Jong's Ph.D. thesis Summary
Complete genomes can provide bioinformaticians with unique opportunities to analyse a large number of sequences in a genomic context.
We investigated the evolutionary relationships of protein sequences by examining the level of gene duplication with sequence search algorithms. T
he degree of duplication has been explored for each single and all six genomes together. An all-against-all comparison of the 12,013 putative protein sequences from six genomes of which two were from relatives of Gram-positive, three from Gram-negative and one from an archaebacterium, showed that the proportion of sequences produced by duplication is 22% for the smallest and 44% for the largest genome.
Two thirds of the sequences, including half of those in the archaebacterium, have one or more inter-genome matches. Pairwise sequence comparison underestimate the true extent of evolutionary relationships. Thus the result show that bacterial genomes are made, in large part, of sequences drawn from a relatively small common repertoire of gene families.
For the study, we used well established sequence search methods like SSEARCH and FASTA. However, the sensitivity of those methods was less than 16% in a test done with structurally known protein sequences. To raise the sensitivity, a new method called intermediate sequence search procedure was devised and we have shown that the sensitivity with 1% error rate, was 25% (70% percent increase from the single pairwise search by FASTA). The idea of using intermediate sequence is not new.
Profile, template and hidden Markov sequence models also utilise additional information derived from additional sequences as intermediate sequence search does. However, all the profile related approaches rely on multiple sequence alignment programs while there is no accurate algorithm for very distant sequences. The erroneous alignments and consequent profiles and models will result in a decrease insensitivity.
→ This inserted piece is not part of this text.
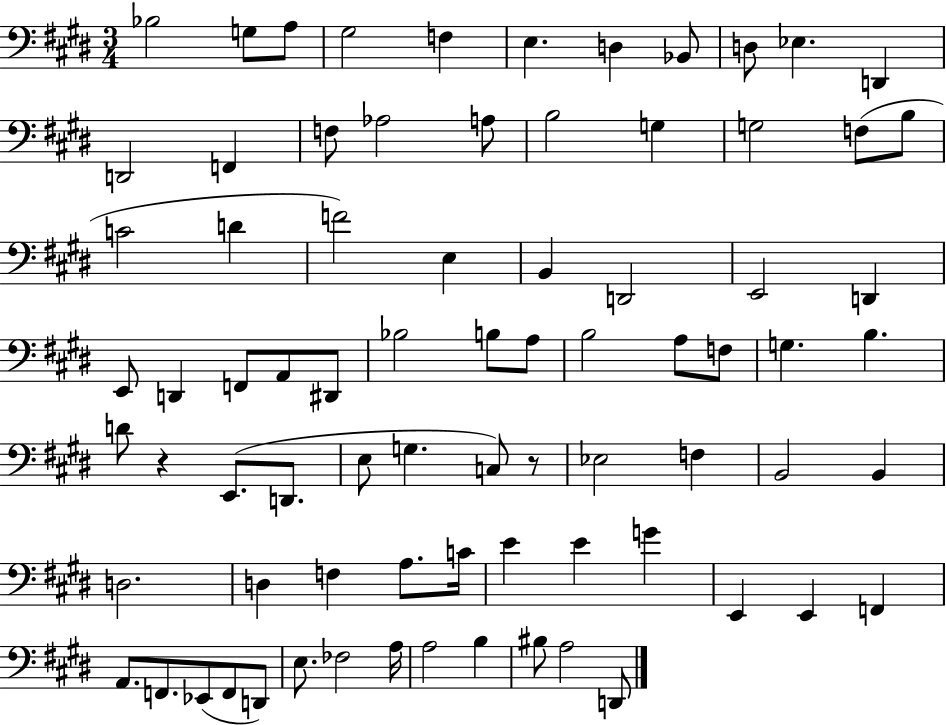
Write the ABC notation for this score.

One of the reasons why it is a difficult problem to align distant sequences is that when the compositions of distant sequences are similar, the discrimination ability of the programs drops. By utilising this, we have developed a program (SC_rate.pl) which tries to predict the reliability of sequence alignments by comparing the sequence and composition identities. It is used to provide us with more systematic and objective judgement when dealing with twilight zone sequences.
After initial sequence comparison all the genome sequences were clustered. However, as a significant portion of protein sequences are multidomain, simple linkage generated wrong clusters. To tackle this it was necessary to break down the simple linkage clusters according to their domains. An algorithm was developed for this purpose. It tracks the linkage of the original simple clusters and breaks down when the linkage is broken producing smaller clusters.
By this subclustering, it was possible to calculate more accurate duplication levels in genomes.